At Groningen Airport Eelde, a northern Dutch consortium is going to produce green hydrogen via its own electrolyzer to provide light aircraft, drones and ground equipment with sustainable energy. Within this project, called WAviatER, northern Dutch companies and knowledge institutes are teaming up to establish the industrial production of electrolyzers in the Netherlands. It was recently announced that the partnership will receive €3.5 million in funding from the European Regional Development Fund (ERDF).
The northern Netherlands is recognized by Europe as an important center for the development of hydrogen technology, which has declared the region a Hydrogen Valley. Groningen Airport Eelde is also taking several initiatives which revolve around making airports and aviation more sustainable. The airport is home to, among other things, a 22MW solar park, which the WAviatER project can now use to generate green hydrogen.
Urgency to go green
Toon Hermans, managing director of Demcon energy systems, also thinks Groningen Airport Eelde is the ideal location to make a start with the technology. “In the northern Netherlands, organizations and companies are feeling the urgency to go green. In a short time we’ve managed to get a lot of parties on board who can make a relevant contribution. We’ve landed at the right place at the right time with the right people.” Demcon leads the consortium, which also comprises Groningen Airport Eelde, Douna Machinery Leeuwarden, JB Besturingstechniek, REDStack, New Energy Coalition and the University of Groningen.
The partnership centers on the actual development of concrete products. “Lots of subsidies are being given to stimulate good ideas surrounding sustainable energy. But if we really want to achieve something and accelerate the energy transition, factories have to be built. I’m really pleased that we’re going to work on the production of green hydrogen in this project,” Hermans says.
Avoiding scarce metals
The electrolyzer at Groningen Airport Eelde uses green electricity to split water into hydrogen and oxygen. The project is avoiding the use of scarce metals, such as platinum, iridium and palladium. “Many of the scarce metals used for electrolyzers and batteries are becoming increasingly more expensive over the years. Therefore, we only use nickel for our electrodes.”
At present, green hydrogen is not yet competitive enough with natural gas-based production of ‘grey’ hydrogen. Consequently, an important goal of the project is to make the production of green hydrogen cheaper.

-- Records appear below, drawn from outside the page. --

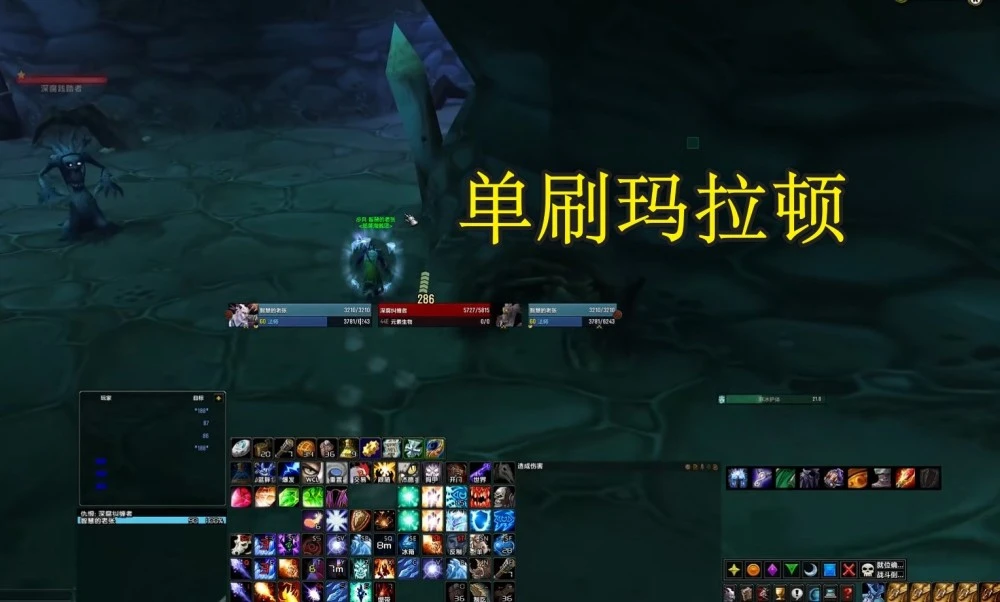 时光徽章 时光徽章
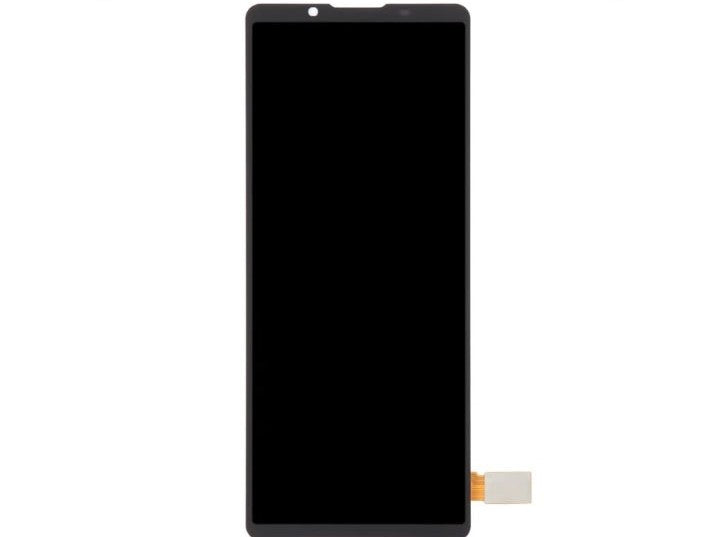SONY XPERIA 1 IIII MARK 4 LCD PANEL UNIT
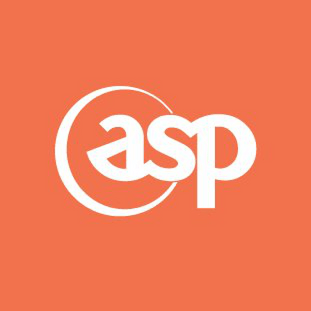 ASP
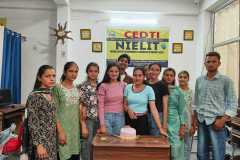 WhatsApp-Image-2026-01-18-at-5.18.15-PM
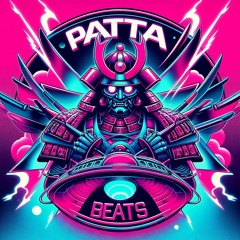 PattaBeats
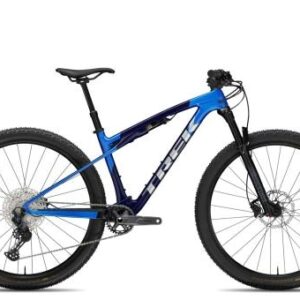 Trek Supercaliber SL 9.6 Gen 2
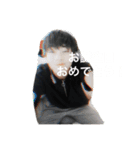 KooL 103（個別スタンプ：5）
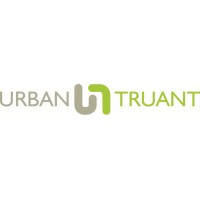 Urban Truant Logo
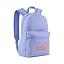 Spring Summer Color Intense Lavender (08)
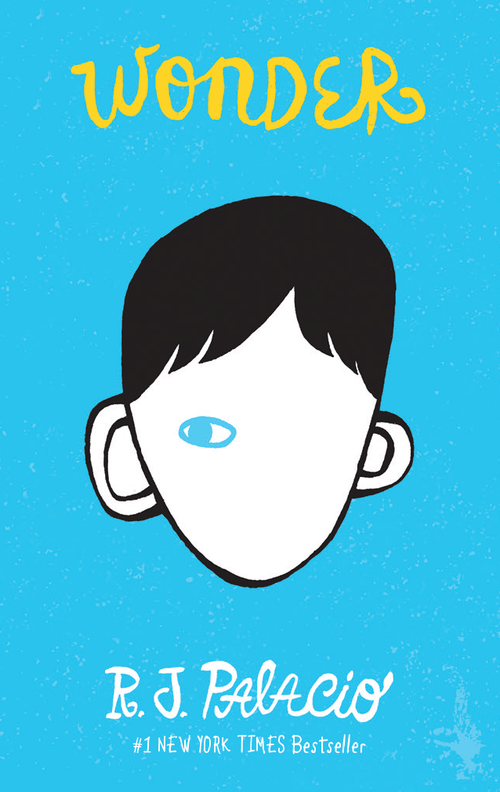 Wonder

REDstack in Sneek, one of the companies that joined the consortium, is a specialist in sustainable energy production by means of a ‘membrane process’. This involves the controlled mixing of salt and fresh water in so-called stacks to generate electrical energy. The production technology that the company develops for its stacks is also suitable for the fabrication of stacks for electrolyzers. Hermans: “It has got to be efficient and very cheap. Solutions like this make the large-scale production of green hydrogen affordable. We are also looking very closely in this project at the composition of components and at assembly techniques in order to keep production costs as low as possible.”
Independence from foreign countries
Hermans is convinced that the Netherlands needs to invest in a national hydrogen ecosystem in order to keep up with the energy transition. “The transition is going so fast at the moment that electrolyzers will soon be in short supply. We rely too much on energy from other countries. But if we want to be assured of enough supplies, we must become independent. This consortium is a step in the right direction.”
The project will run until October 2023; by then there must be an operational plant at Groningen Airport Eelde. Initially, the green hydrogen produced in the project is intended for on-site use. “In follow-up projects, we can reprocess the hydrogen and make it suitable for use in transportation and elsewhere by means of high-pressure technology. From a broader perspective, this is just the first step in the northern Netherlands towards establishing an ecosystem of companies that will develop products for the hydrogen economy.”